### Work to complete
Leaving the images aside, print every record in the material exactly.

### Records
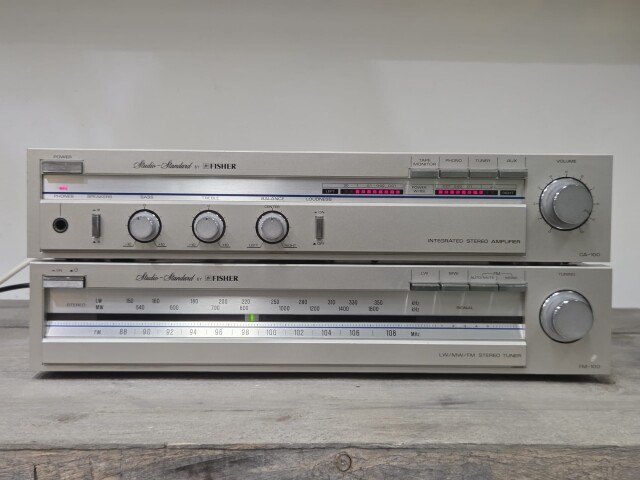 CA-100 Versterker - FM-100 Tuner 23059/23019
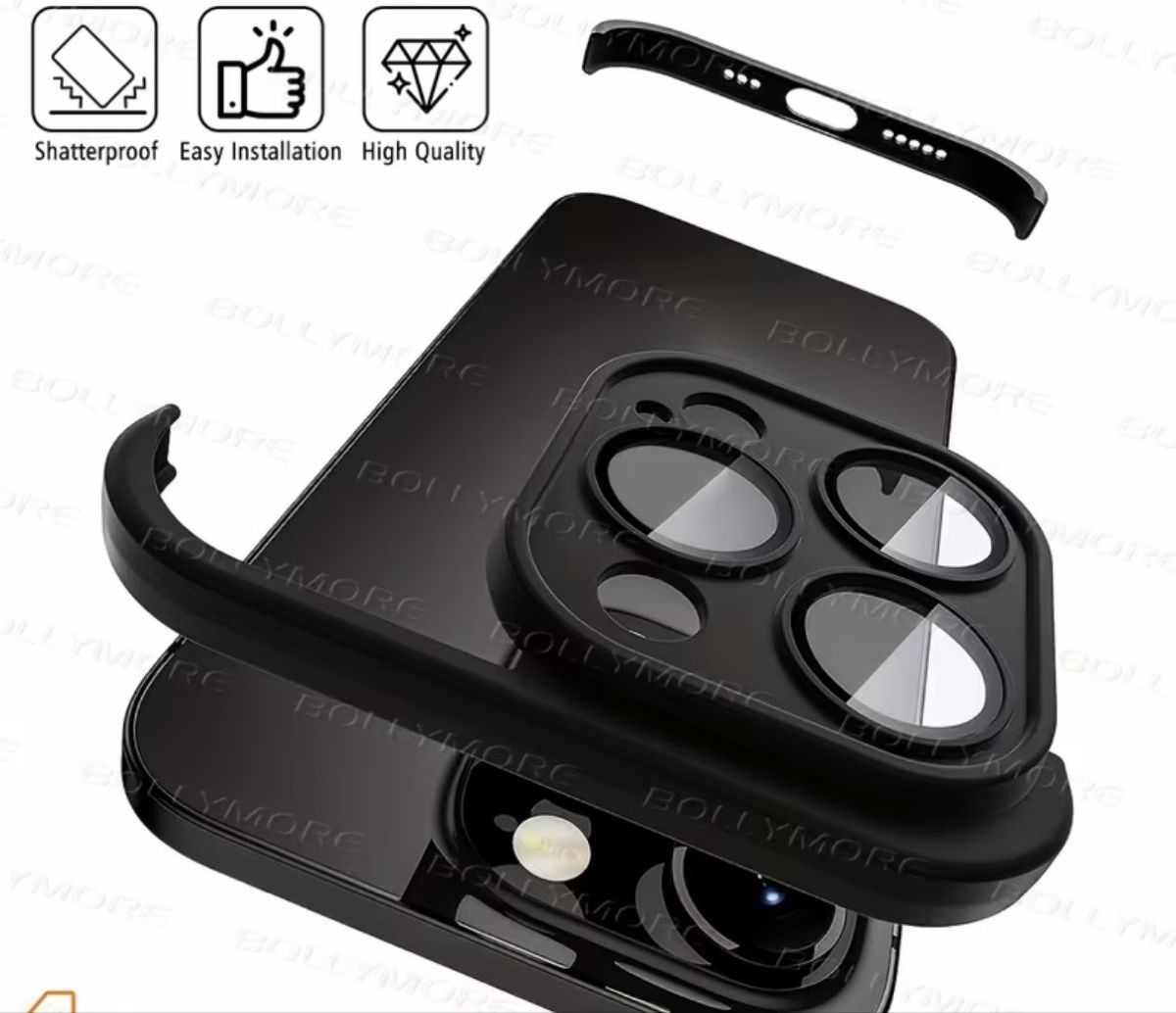 Apple Cover & Protezioni schermo: Pro Max Modelle – Nuovo e nell'imballaggio originale da Amriswil venduto da berat1993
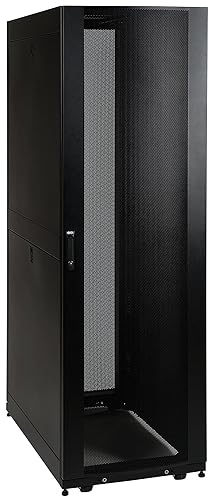 Tripp Lite SR42UBKD 42U Rack Enclosure Server Cabinet Knock-Down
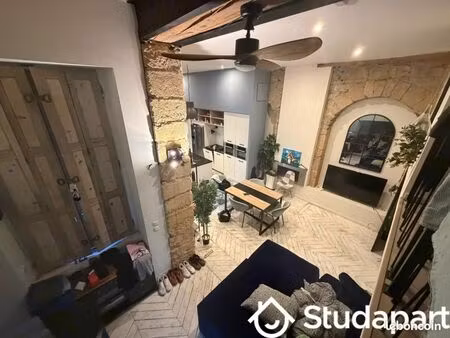chambre 1 pièce 31 m²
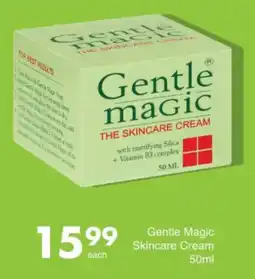 Save Gentle Magic Skincare Cream offer
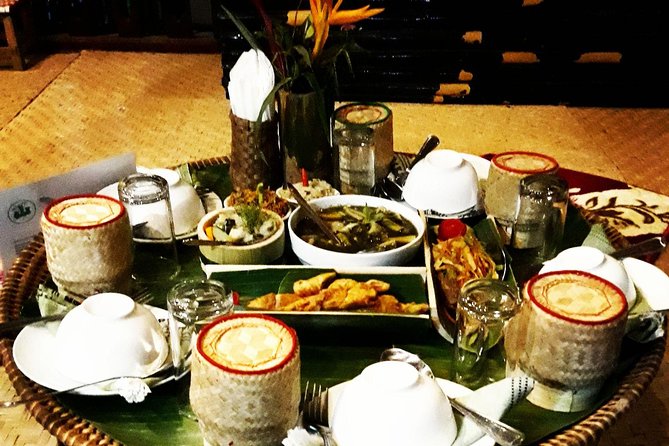 Full Day Bamboo Experience With Cooking Class & Kuang Si Waterfalls - Transportation and Logistics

### Task response
 CA-100 Versterker - FM-100 Tuner 23059/23019
 Apple Cover & Protezioni schermo: Pro Max Modelle – Nuovo e nell'imballaggio originale da Amriswil venduto da berat1993
 Tripp Lite SR42UBKD 42U Rack Enclosure Server Cabinet Knock-Down
chambre 1 pièce 31 m²
 Save Gentle Magic Skincare Cream offer
 Full Day Bamboo Experience With Cooking Class & Kuang Si Waterfalls - Transportation and Logistics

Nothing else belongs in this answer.